The expected response is an exact repetition of every record, with images excluded.

◆ SUPPLIED MATERIAL:
┄┄┄┄┄┄┄┄┄┄┄┄┄┄┄┄┄┄┄┄
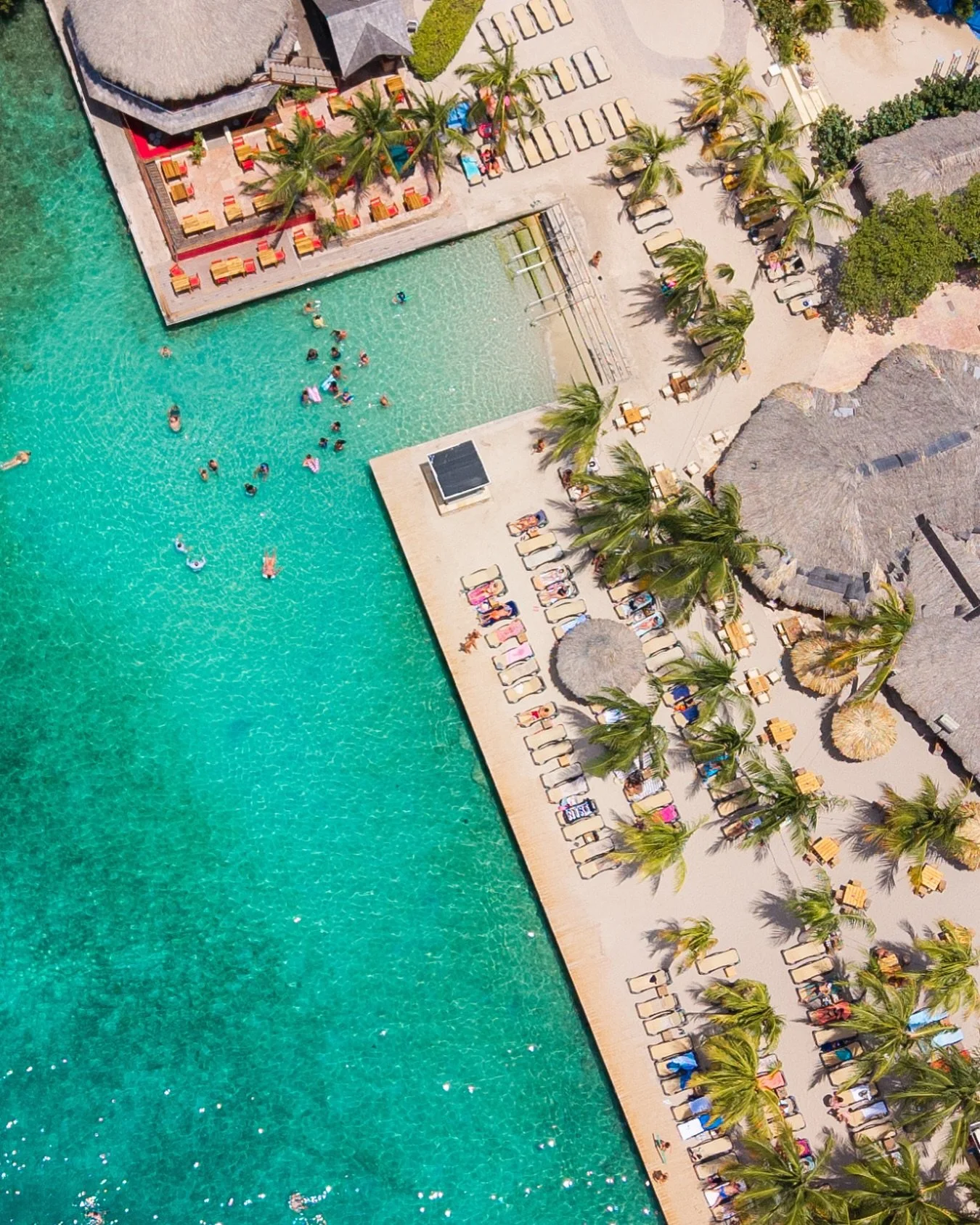 From sunrise to sunset — you’ll find us here.
 #curacaoisland #curacao #beachlife #restaurant #beach #lifeisbetteronthebeach #dushi #brasabeer #zanzibarcuracao #janthielbeach #zanzibarbeach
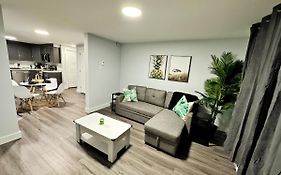 Palm Suite St Johns - Luxury One Bedroom Apartment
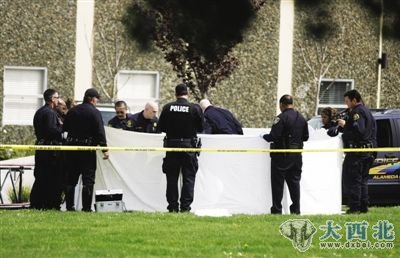 2日，美国加州奥克兰市，警方正准备移动奥伊科斯大学枪击案遇害者尸体。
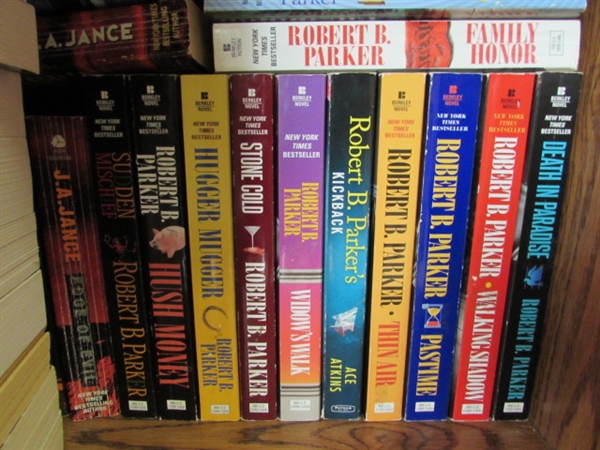 FICTION NOVEL COLLECTION - JOHN SANDFORD, ROBERT B. PARKER & J.A. JANCE
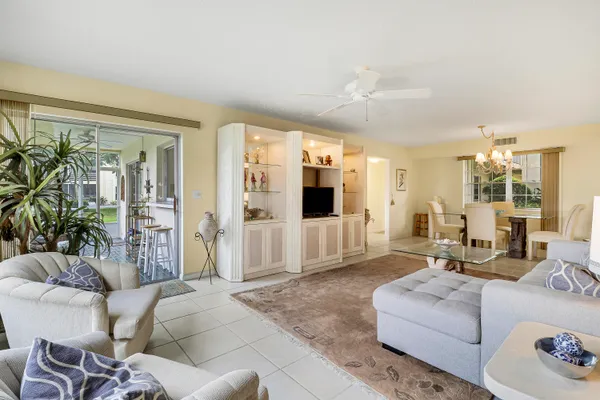$195,000 | 5510 Tamberlane Circle, Unit 143, Palm Beach Gardens, FL 33418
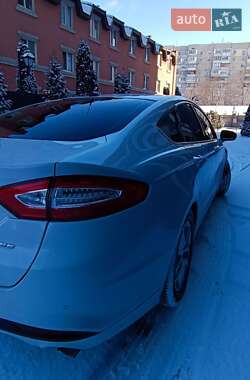 Седан Ford Fusion 2014 в 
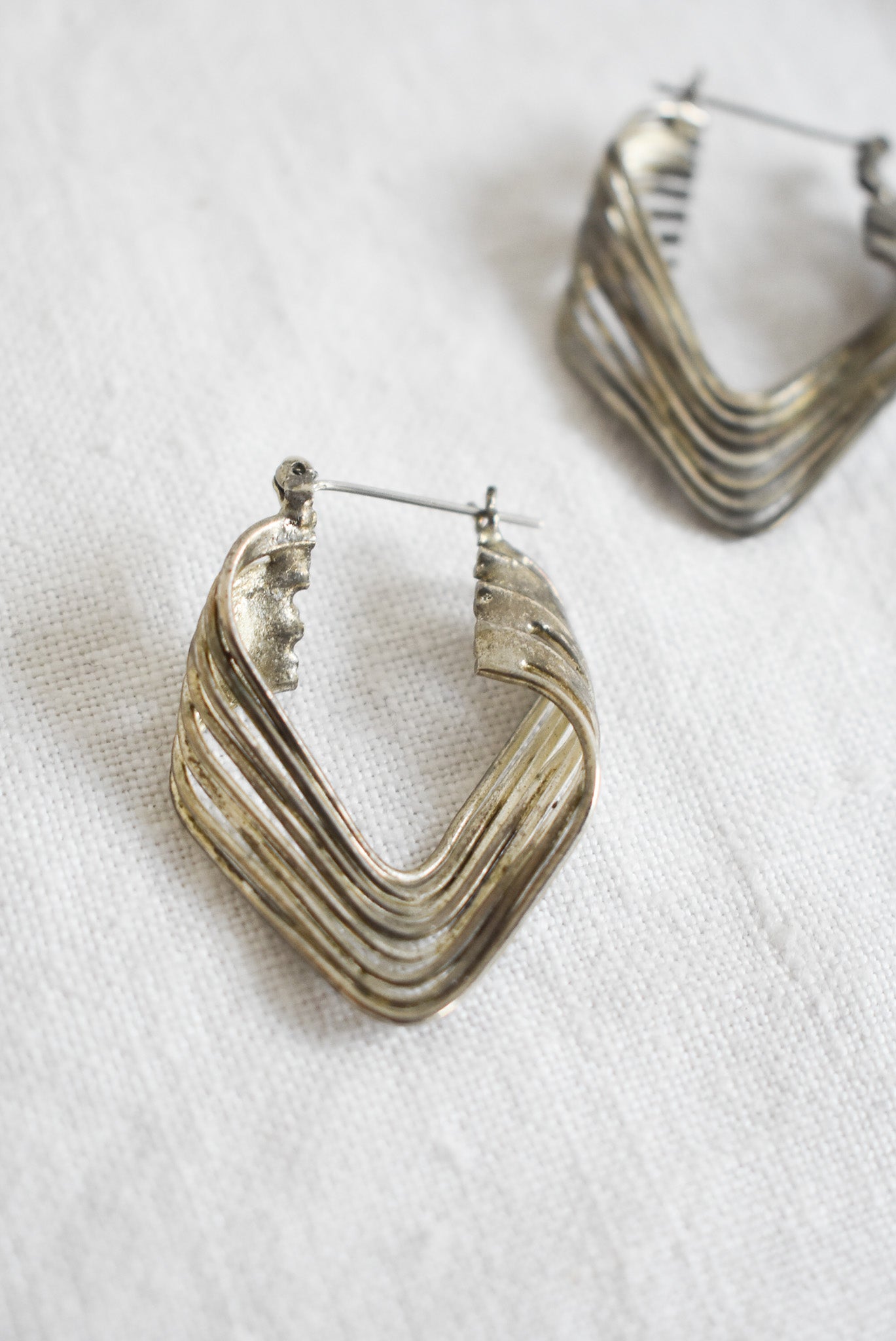 Triangular wire hoops
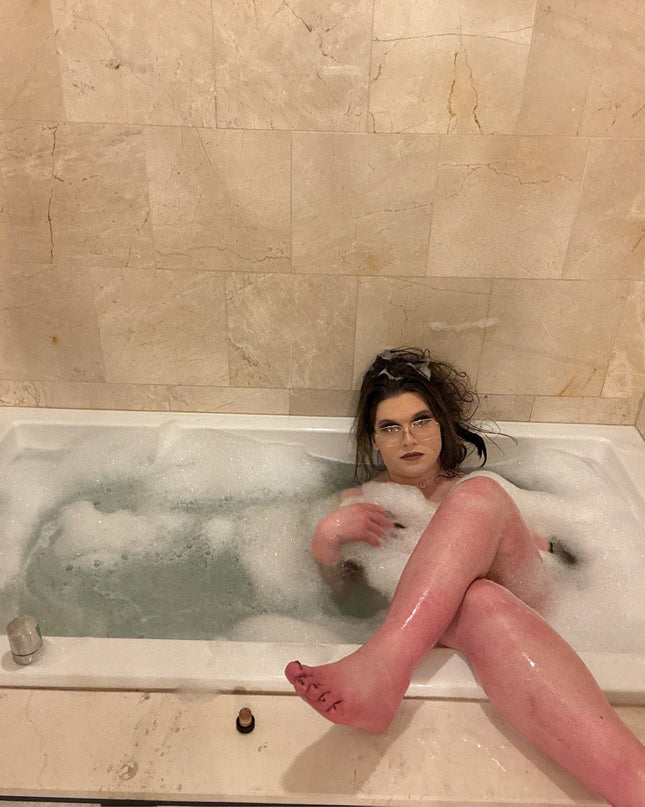 Intimaly custom dildo sex toy Feel Ts Tae Baelee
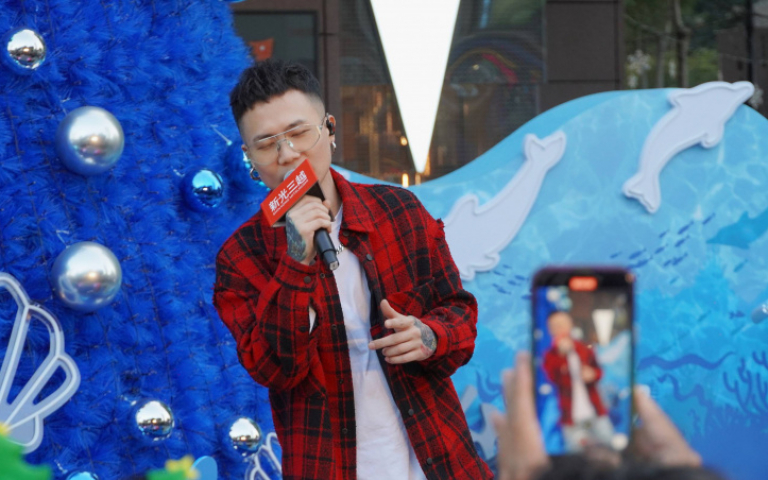 蕭秉治寵粉特地下台清唱　許願再添一首「破億神曲」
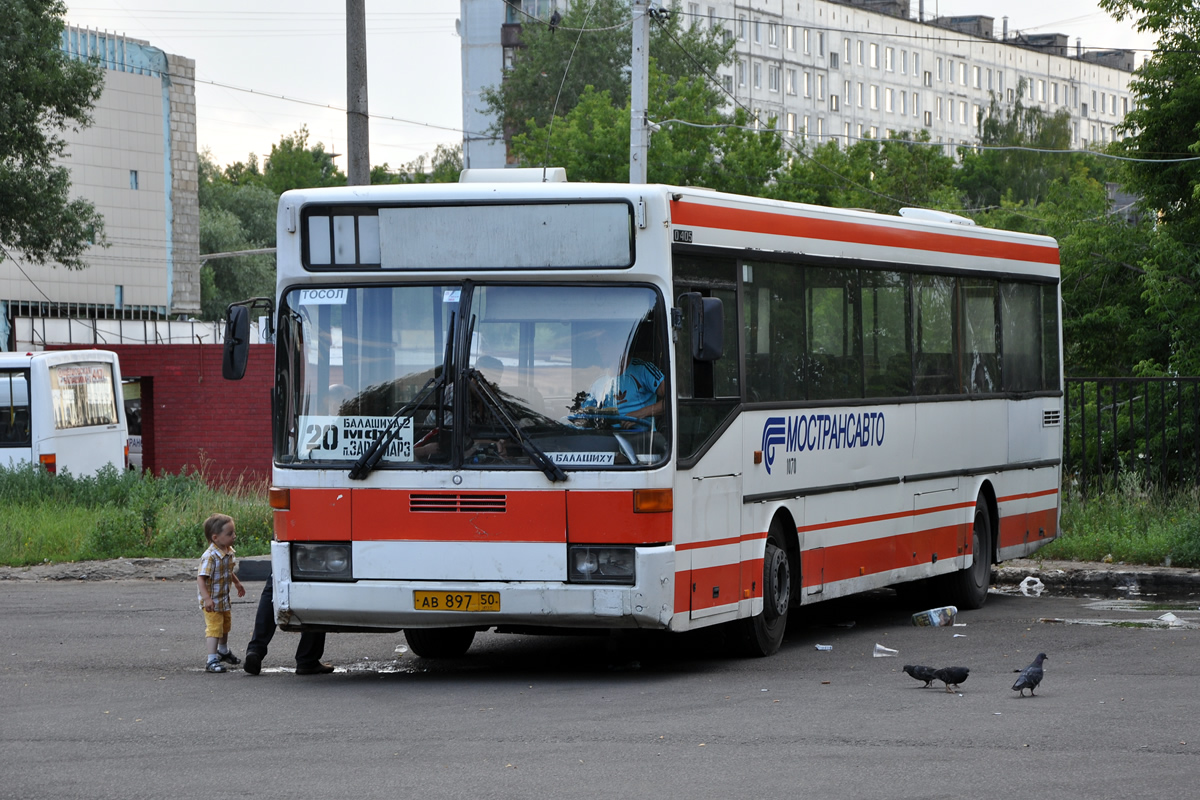 Московская область, Mercedes-Benz O405 № 1070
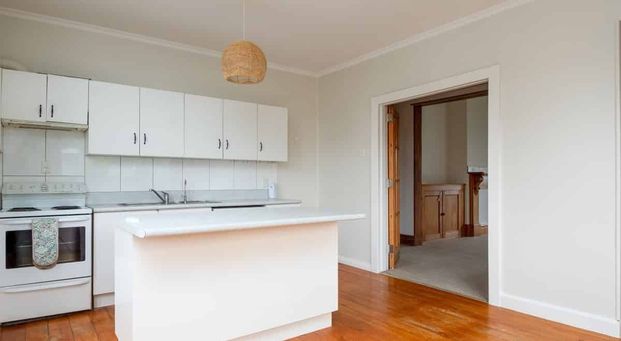 Sunny Seddon Living, 3 Bedrooms and Sleepout - Photo 1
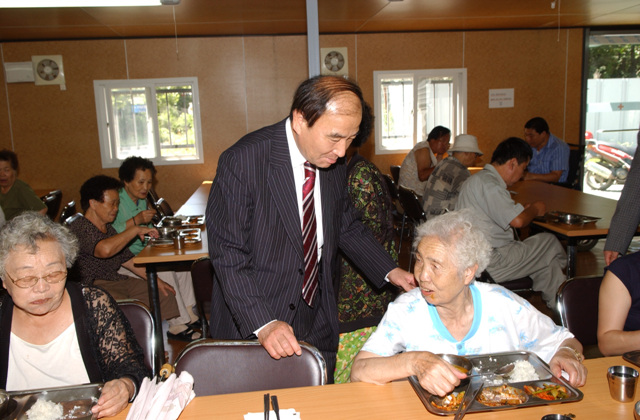 무료급식소 방문의 1번째 이미지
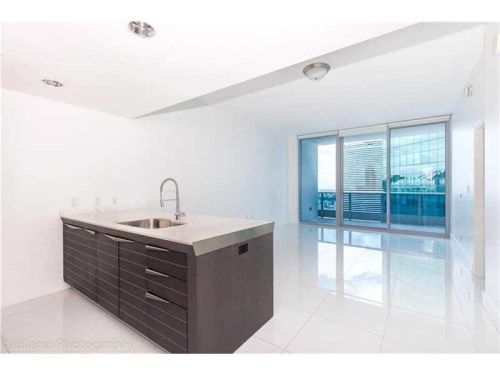 200 Biscayne Boulevard W # 4411, Miami, FL 33131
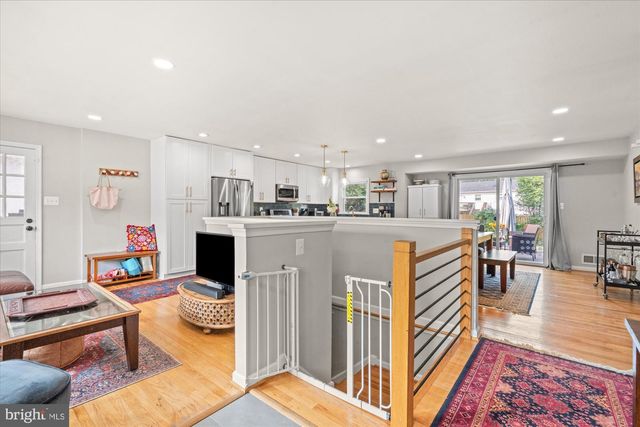5602 ASHFIELD RD, Alexandria, VA 22315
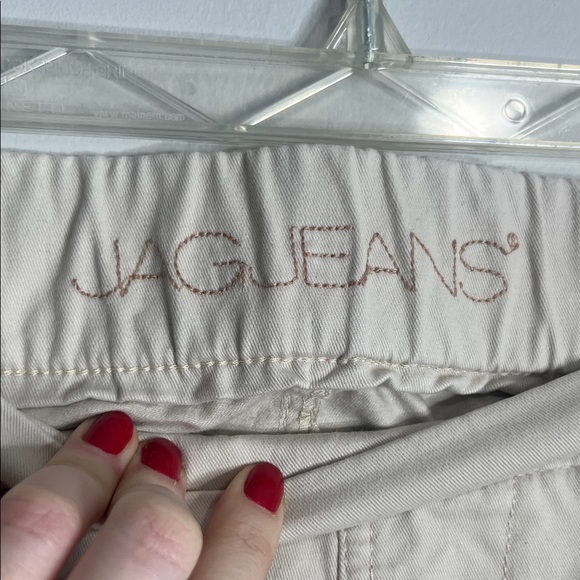 Jag Jeans Women's Light Tan Bermuda Shorts - Picture 2 of 4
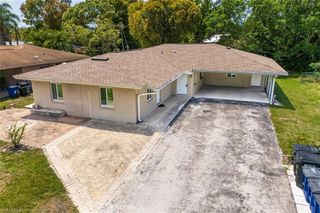 5826 Algiers ST, Fort Myers, FL 33919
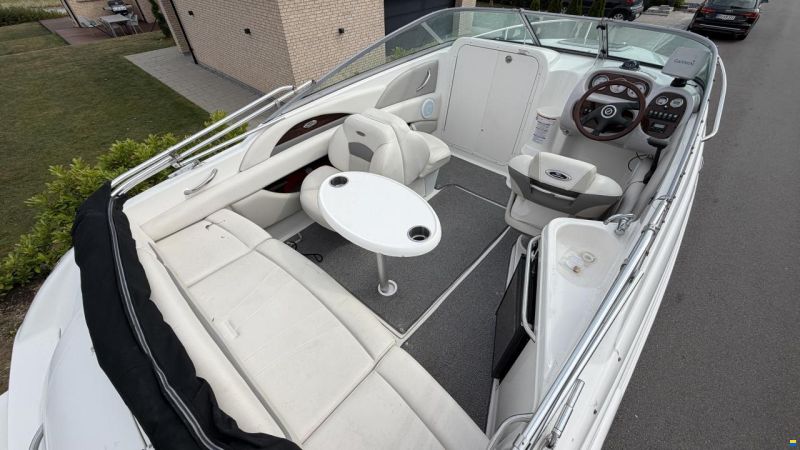 Chaparral 215 SSI
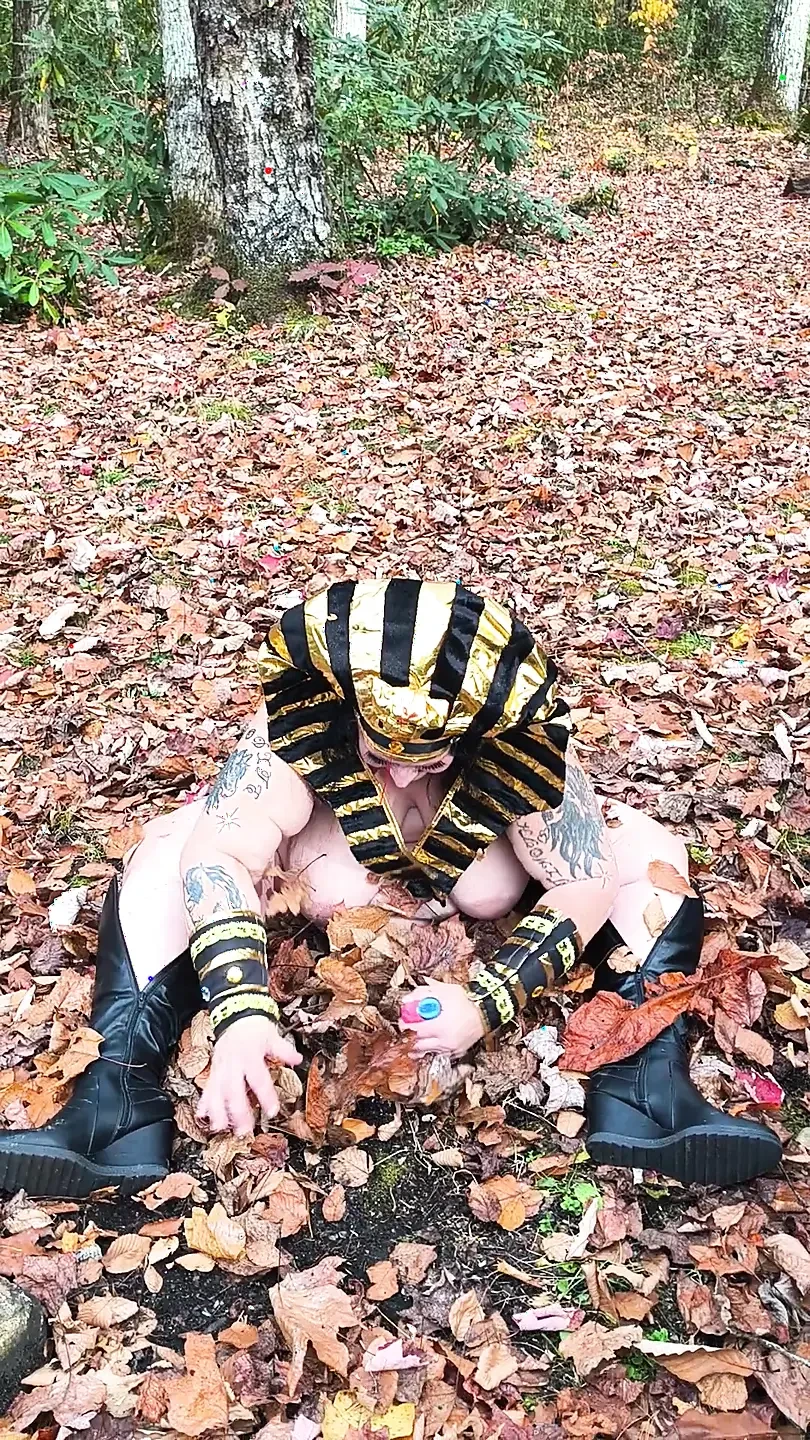Dirty Ass Leaf Playing in Her Ass Cumming She's Not Faking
┄┄┄┄┄┄┄┄┄┄┄┄┄┄┄┄┄┄┄┄
◆ YOUR SOLUTION:
 From sunrise to sunset — you’ll find us here.
 #curacaoisland #curacao #beachlife #restaurant #beach #lifeisbetteronthebeach #dushi #brasabeer #zanzibarcuracao #janthielbeach #zanzibarbeach
 Palm Suite St Johns - Luxury One Bedroom Apartment
 2日，美国加州奥克兰市，警方正准备移动奥伊科斯大学枪击案遇害者尸体。
 FICTION NOVEL COLLECTION - JOHN SANDFORD, ROBERT B. PARKER & J.A. JANCE
$195,000 | 5510 Tamberlane Circle, Unit 143, Palm Beach Gardens, FL 33418
 Седан Ford Fusion 2014 в 
 Triangular wire hoops
 Intimaly custom dildo sex toy Feel Ts Tae Baelee
 蕭秉治寵粉特地下台清唱　許願再添一首「破億神曲」
 Московская область, Mercedes-Benz O405 № 1070
 Sunny Seddon Living, 3 Bedrooms and Sleepout - Photo 1
 무료급식소 방문의 1번째 이미지
 200 Biscayne Boulevard W # 4411, Miami, FL 33131
5602 ASHFIELD RD, Alexandria, VA 22315
 Jag Jeans Women's Light Tan Bermuda Shorts - Picture 2 of 4
 5826 Algiers ST, Fort Myers, FL 33919
 Chaparral 215 SSI
Dirty Ass Leaf Playing in Her Ass Cumming She's Not Faking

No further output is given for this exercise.